In November 2016, security forces in Ethiopia reportedly went house to house it the country’s capital of Addis Ababa seeking illegal exchange operations. Finally, in Nigeria, dealers trading at an exchange rate weaker than the government-sanctioned rate risk running afoul of Nigerian intelligence services.
Not all are suffering from the discordance between the official versus black-market rates. In fact, up till 2015, some benefitted greatly from the spread. ‘El raspao’, the scrape is the Venezuelan term for leaving the country, retrieving US dollars at the official government-imposed forex rate through a credit card cash advance and then returning to Venezuela to exchange the cash back into bolivars at the far higher black market rates.

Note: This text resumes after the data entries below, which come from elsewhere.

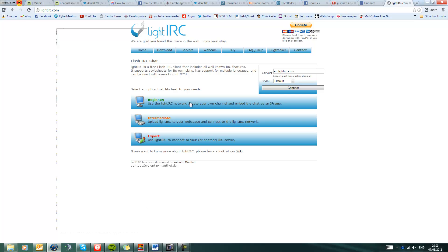I'm going to teach you about a program to get into my IRC chat called LightIRC.com. It's a free website, you don't have to pay for it, and it's all online based.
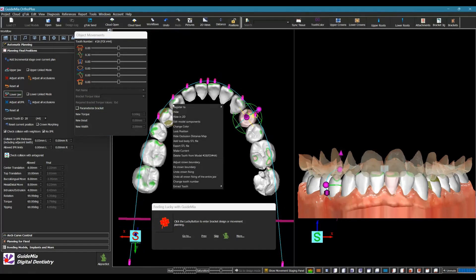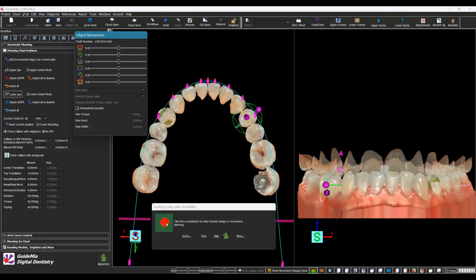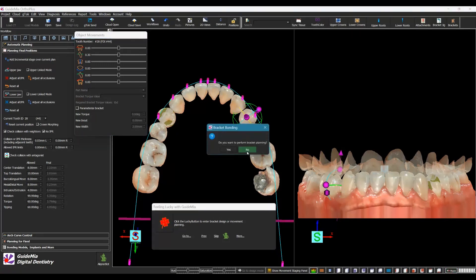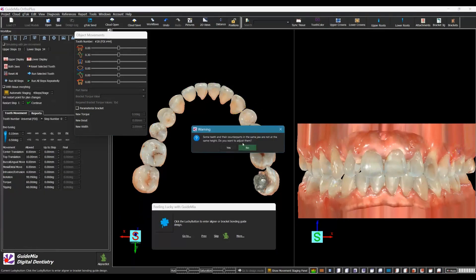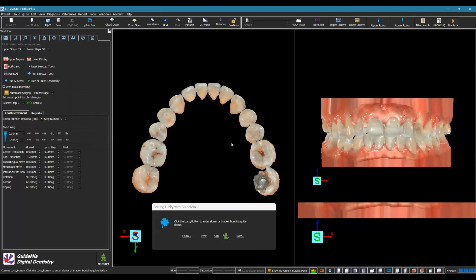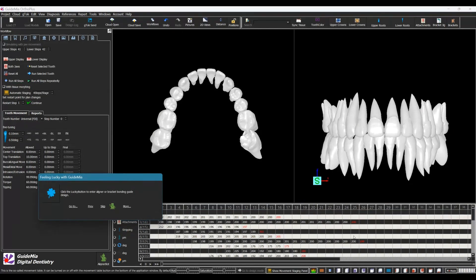If everything is good, we continue. Let's turn on the audio guidance again. We don't do bracket bonding here — click the Lucky Button to enter aligner or bracket bonding guide design. Before going to the aligner model design, we can do a bit more planning. This is the movement table, which can be turned on or off with the movement table button at the bottom of the application window. The rows correspond to teeth and the columns to steps.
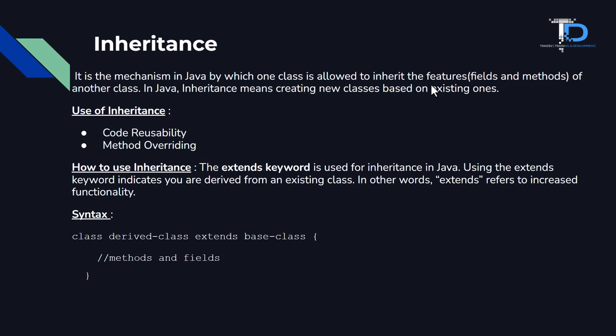Inheritance means creating new classes based on the existing ones. Our new class is coming from our previous class. They are using its properties and features. It means it has a new functionality.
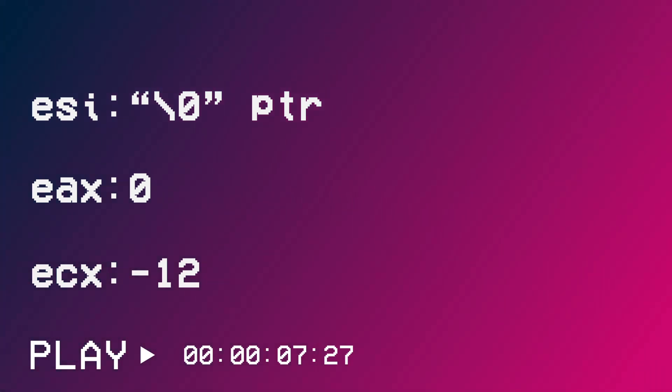Negate the ECX value, and boom, that's your string length.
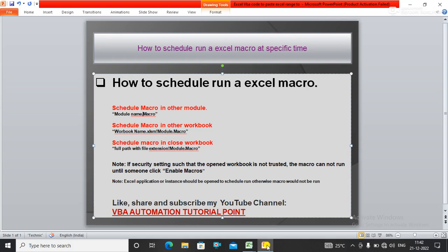Hello everyone, welcome to my YouTube channel VBA Automation Tutorial Point. If you are new to this channel, please like, share, and subscribe to get updated videos.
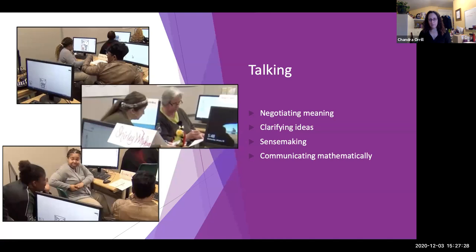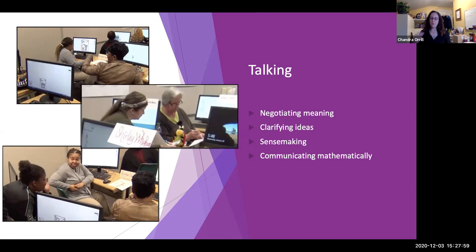The final element is talking. Talking in our professional development is a way of negotiating meaning, clarifying ideas, making sense of problems, making sense of their understanding of the mathematics, and communicating mathematically with each other. It allows opportunities to develop a deep understanding of the need for mathematical precision—if they're not using precise language with each other, they have to keep re-explaining until their language gets more precise. It opens a door to say: it's not just 'a constant,' it's 'a constant of proportionality.' It's not 'two to four,' it's 'two units tall to four units wide.' It gives us a place to talk about why we need that kind of precision.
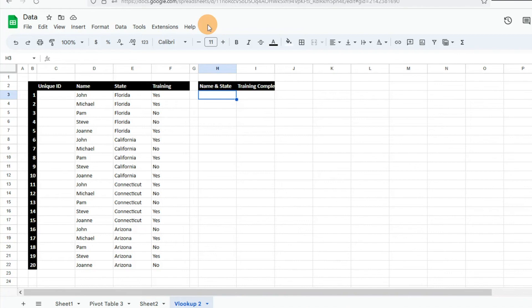Hey everyone, today I want to show you a cool trick in Google Sheets if you're trying to do a VLOOKUP with multiple criteria.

A highly lucrative arbitrage play that was reserved for the wealthiest, as only 56% of the Venezuelan population holds a bank account and even fewer have access to a credit card. Over 90% of the population does, however, own a smartphone.
But in Bitcoin we hope
Bypassing government control and regulation, accessible via a smartphone and not dependent on a bank account, bitcoin offers one the most viable alternatives to the prized US dollar in countries suffering from an inflationary monetary policy.
Bitcoin offers one the most viable alternatives to the prized US dollar in countries suffering from an inflationary monetary policy.
Though the government is capable of limiting the supply of foreign currency through its own channels, the only way it could restrict access to bitcoin would be via nationwide internet censorship. Early this year, four Venezuelans were placed in custody for running a bitcoin mining operation involving over 300 machines.
Interestingly, mining bitcoins wasn’t cited as the reason for the arrests. Instead, authorities claimed the energy-intensive operation was hijacking national resources. The Latin-American nation is rocked by frequent and often severe blackouts and as electricity is heavily subsidized by the state and provided virtually free to residents, the charges of electricity theft are not entirely without merit.
Other bitcoin miner arrests in Europe and the US have been far more black-and-white, such as the Fed employee that installed bitcoin mining software on Fed servers, or the money-laundering bitcoin operation in Spain. Some nations have felt the currency itself directly undermines their own economic policy, and have taken steps to outright ban it. In Bangladesh trading in bitcoin can lead to 12 years imprisonment. Ecuadorean officials fear that bitcoin will kill the country’s fledgeling electronic cash system before it ever sees the light of day. Iceland hasn’t banned bitcoin as of yet, but converting the krona to BTC would run afoul of the nation’s ongoing capital flight prevention policies.
But bitcoin’s one enduring trait, the one that has allowed it to stand the test of these past 8 years is quite simply that it is without equivalent at bypassing government control. With anonymous transactions publicly controlled and validated, it has gained a reputation for being the de facto currency for extralegal, if not illegal activities. It can be argued that these nefarious beginnings are what allowed it to gain traction in its earliest days. However, the reality is that today, Bitcoin existing independently of a regulating body is what makes it so attractive as an alternative currency.
Regulating bodies are known to make mistakes and populations suffering from those mistakes must seek alternative monies regulated by alternative bodies. Why not, therefore, a currency regulated by the people? And if that same currency has gained a staggering 400% in the past 18 months and increased its market capitalization by over 30 billion USD, all the better.
Not now for all, but some people need it now.
With a current trading price of 1BTC hovering around 2000 USD, the cryptocurrency may still be considered the tech guru’s alternative to the gold rush, but it is of far more value to those 570 million people seeing their savings chip away day by day.
The debate on whether bitcoin is or isn’t legal tender is of little value to the developing world’s digital natives if it holds up better than the crumpled bits of government-backed paper found in their pockets.